How does python csv module understand end of line vs. newline

Question

This is more of a request for explanation of how the csv module really understands data coming in from a file. I don't quite understand a quirk I've come across a few times tied specifically to new line characters.

With the following code:

with open(filename, 'rbU') as inCsvFile:
    for row in csv.reader(inCsvFile):
        print repr(row)

I get the following lines printed

['ID', 'AFTADM', 'AFTORD', 'AFTREM', 'AFTOTH', 'AFTOTX', 'COMM']
['3', '2', '2', '2', '2', '', 'New, had to look up']
['3', '2', '2', '2', '2', '', 'Percieved  complexity']
['3', '2', '2', '2', '2', '', 'Stress per se']
['3', '2', '2', '2', '2', '', 'no records']
['10', '2', '1', '2', '2', '', 'Please ignore the crossouts!
Mix-up, very late start
Could not get database to work -- unable to view  data']
['10', '2', '2', '2', '2', '', '']
['10', '2', '2', '2', '2', '', '']
['10', '1', '1', '2', '2', '', '']
['10', '2', '2', '2', '2', '', '']
['10', '2', '2', '2', '2', '', '']
['11', '1', '1', '1', '1', 'viewed  results', '']
['11', '2', '2', '2', '2', '', '']
['11', '2', '2', '2', '2', '', '']
['11', '2', '2', '2', '2', '', '']
['11', '2', '2', '2', '2', '', '']
['11', '2', '2', '2', '2', '', '']
['12', '2', '1', '2', '2', '', '']
['12', '', '', '', '', '', '']
['12', '2', '2', '2', '1', 'emailed', '']
...

Specifically the row I'm interested in is:

['10', '2', '1', '2', '2', '', 'Please ignore the crossouts!
Mix-up, very late start
Could not get database to work -- unable to view  data']

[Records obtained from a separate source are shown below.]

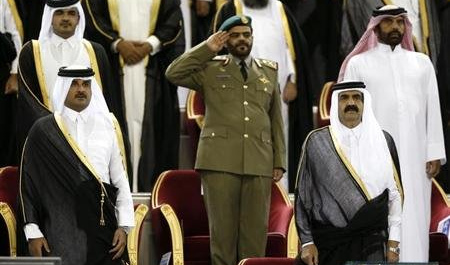 مانور سیاسی دور از انتظار امیر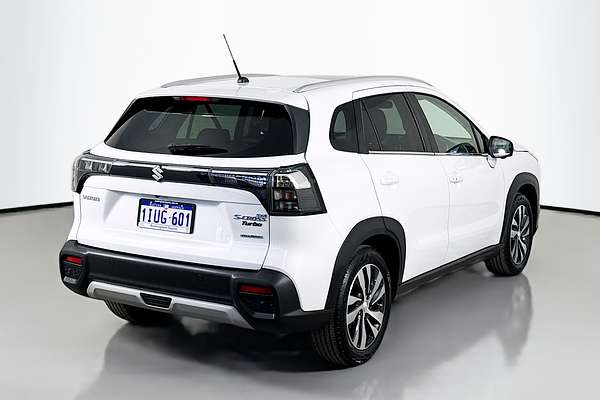 2022 Suzuki S-Cross ALLGRIP PRESTIGE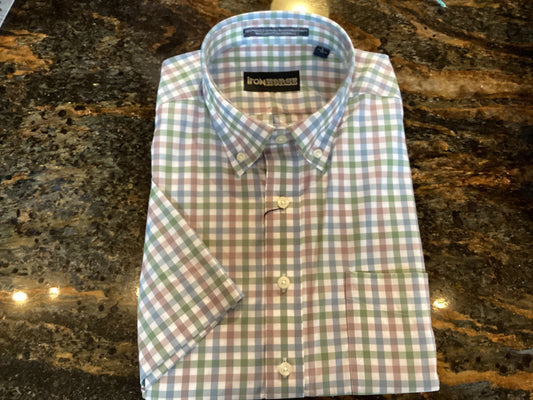 Charles Performance Sport Shirt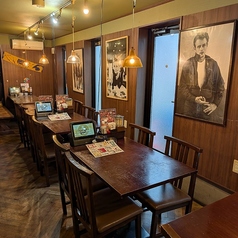 ぼんてん漁港泉中央店の雰囲気3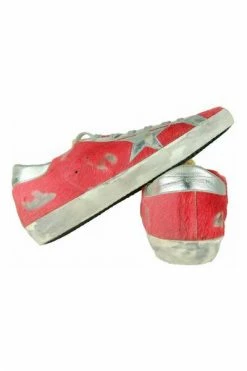 Golden Goose Sneakers Pink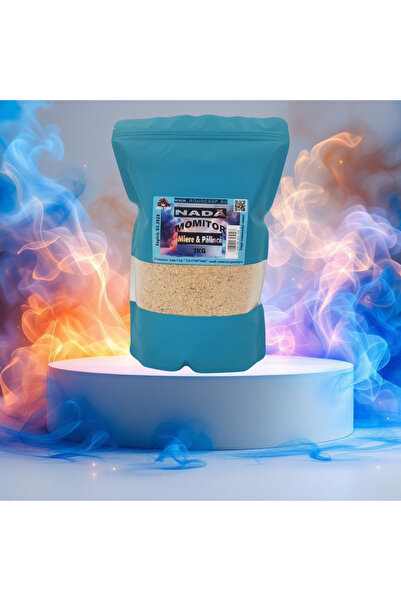 Aqua MOMITOR AquaCarp Honey & Pálinca Bait 1Kg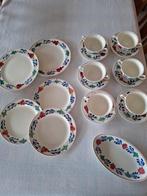 Boerenbont servies, Ophalen of Verzenden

If I try to handle this without the csv module using code such as:

with open(filename, 'rbU') as inFile:
    for row in inFile:
        print repr(row)

This treats it as a text stream and I wind up with that one row turning into three:

'10,2,1,2,2,,"Please ignore the crossouts!
'
'Mix-up, very late start
'
'Could not get database to work -- unable to view  data"
'

I know it's the newline characters doing it, but how does the csv module understand end of row and not get tripped up by the newline characters?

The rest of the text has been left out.